- Paraplanners are generally strong supporters of technology
- Most paraplanners are not worried about their roles being replaced by automation
- As principal users, paraplanners want more influence over their firms’ tech decisions
Paraplanners are firmly of the view that technology is a net positive in their roles. Three quarters of paraplanners believe the technology they use helps them to deliver better advice to clients.
As principal users of tech systems, platform tools and software applications they experience first-hand the benefits and drawbacks of technology in all its guises. Anecdotally, paraplanners make a distinction between incredibly useful modern tech and less useful, older, clunkier tech that can involve rekeying of data. So, it’s not a surprise to see that two-thirds of paraplanners believe the tech they use can be improved. The dream state for paraplanners is seamless connectivity between systems that allows information to flow smoothly between the research, analysis, and report writing aspects of their roles.
So what technologies are paraplanners mostly using? Cashflow modelling software comes out a firm favourite, described by several paraplanners as transformational in helping clients to visually understand the impact of withdrawals and market corrections on their pension pots.
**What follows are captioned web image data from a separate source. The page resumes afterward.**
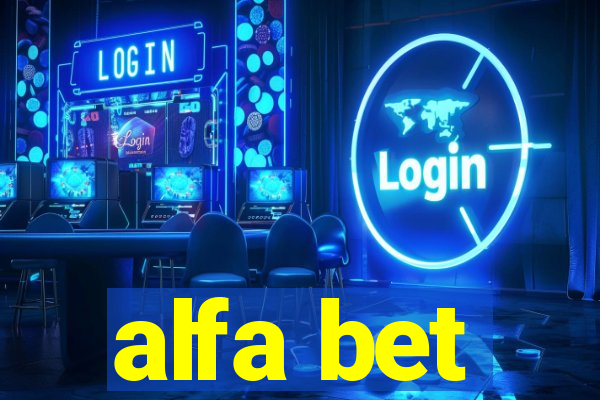 alfa bet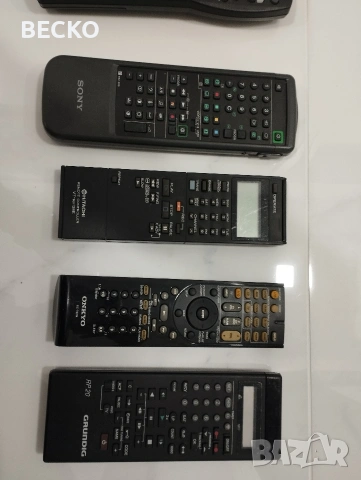 Дистанционно управление Onkyo, снимка 3 - Ресийвъри, усилватели, смесителни пултове - 53214038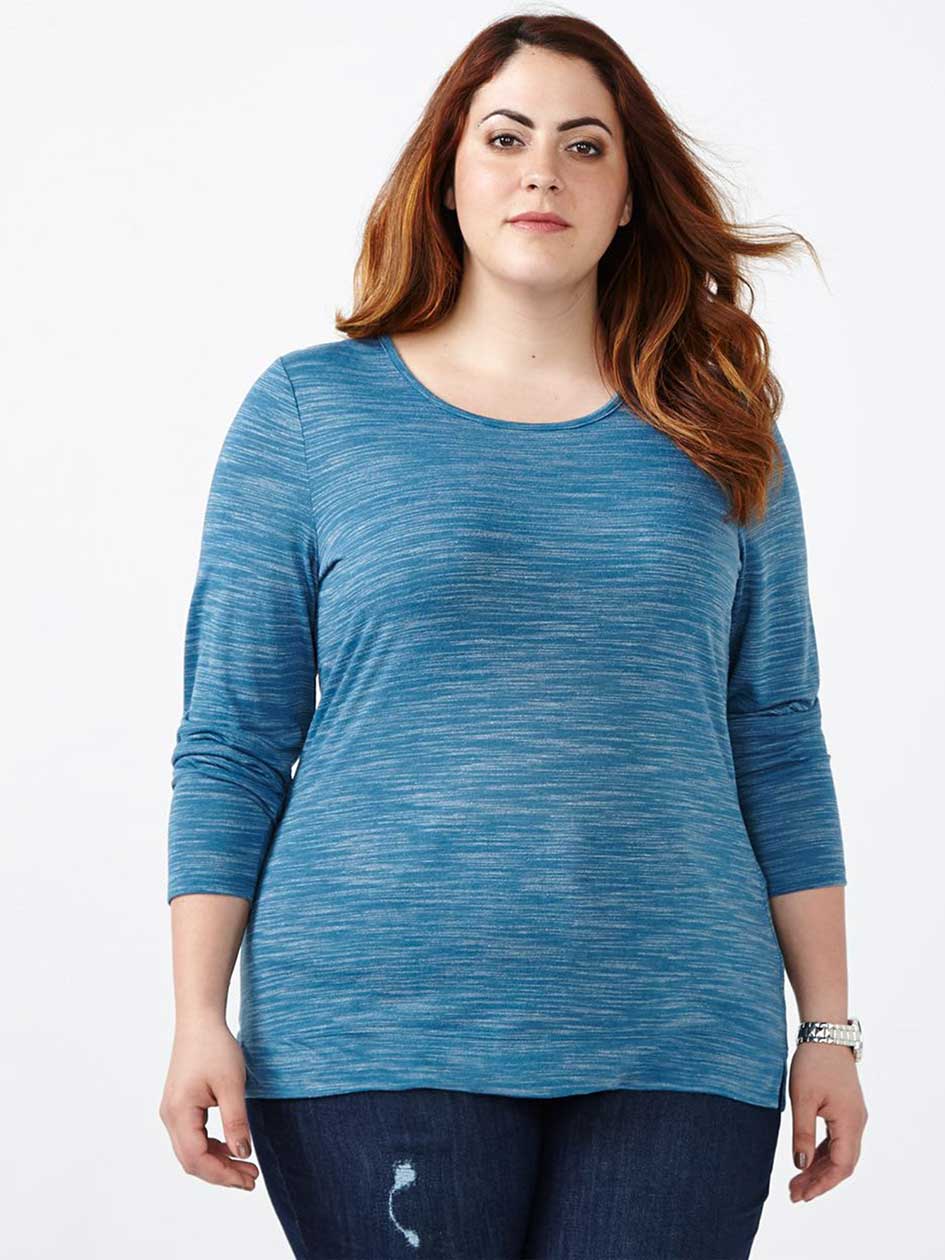 Curve Fit Long Sleeve T-Shirt Curve Fit Long Sleeve T-Shirt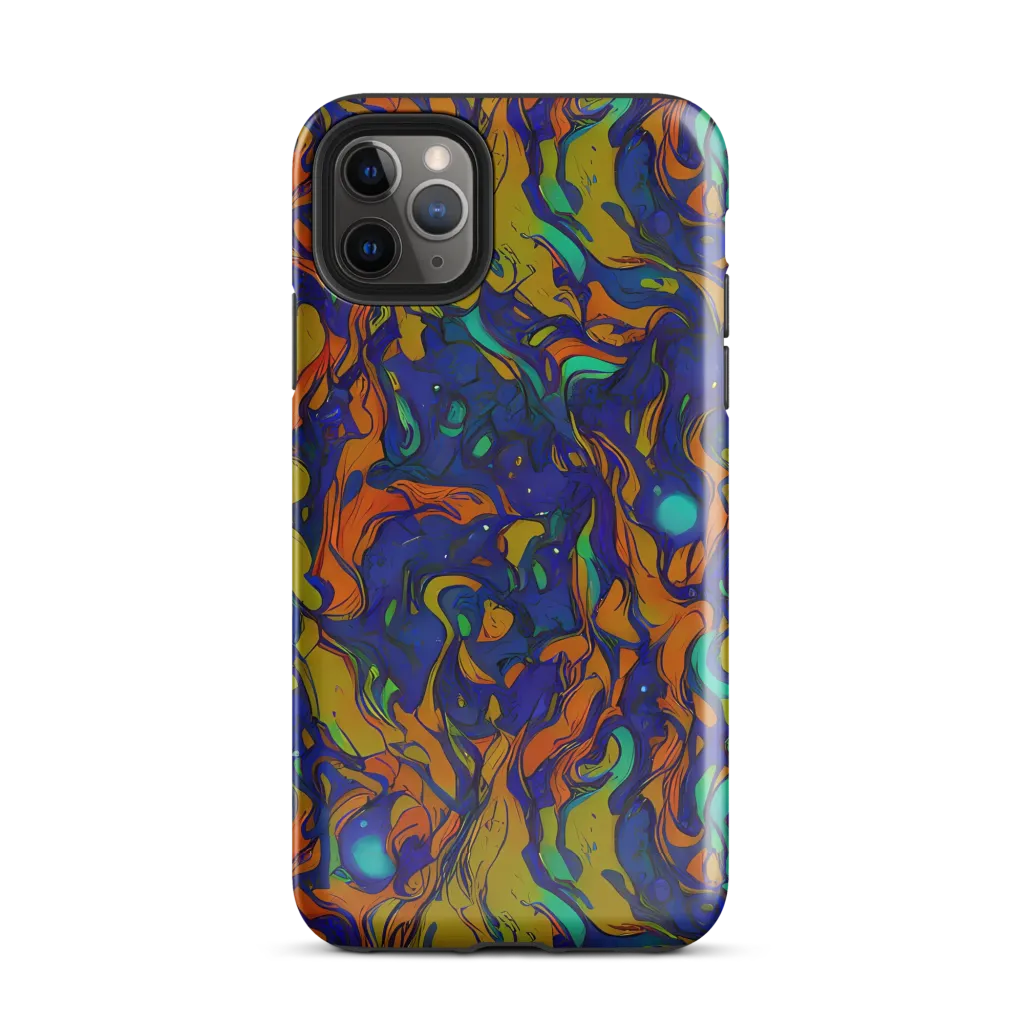 Tangerine Voltage on Tough Case for iPhone® — Front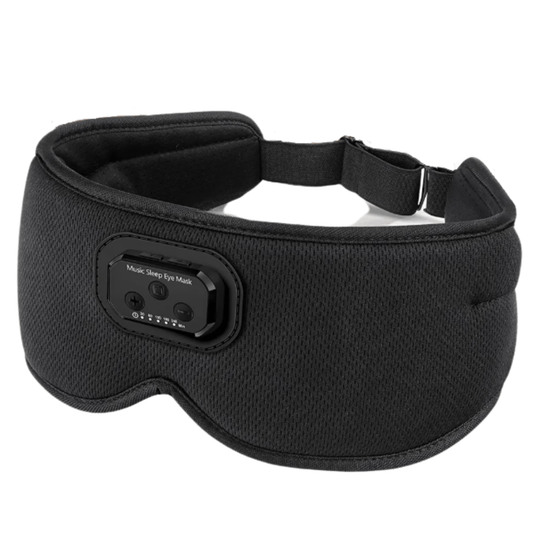 Bluetooth Sleep Mask with Headphones | Noise - Canceling Sleep Mask with Hot & Cold Therapy - ProActive Performance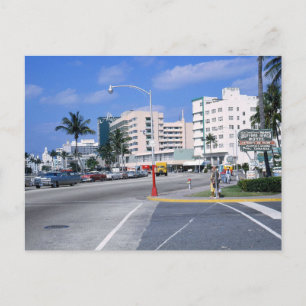 Miami Beach 1960, Florida  Briefkaart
This is followed by the use of pension and investment research tools (67%), risk profiling (51%), and platform tools (40%).
While much is made in the media of robots and automation displacing certain roles, it’s interesting that paraplanners don’t fear technology – only 15% fear the negative impact of tech threats like robo-advice and report automation. Paraplanners generally see technologies disrupting specific activities within their role rather than their entire roles – a compliance suitability report could be automated to a degree but even that would require a qualitative check.
As paraplanners have moved from a historically more dominant focus on report writing, they have added a range of interpretative analysis and research activities that are more difficult to automate. These require not just a fundamental understanding of financial planning but also a human touch in the way that they make complex financial ideas accessible to clients.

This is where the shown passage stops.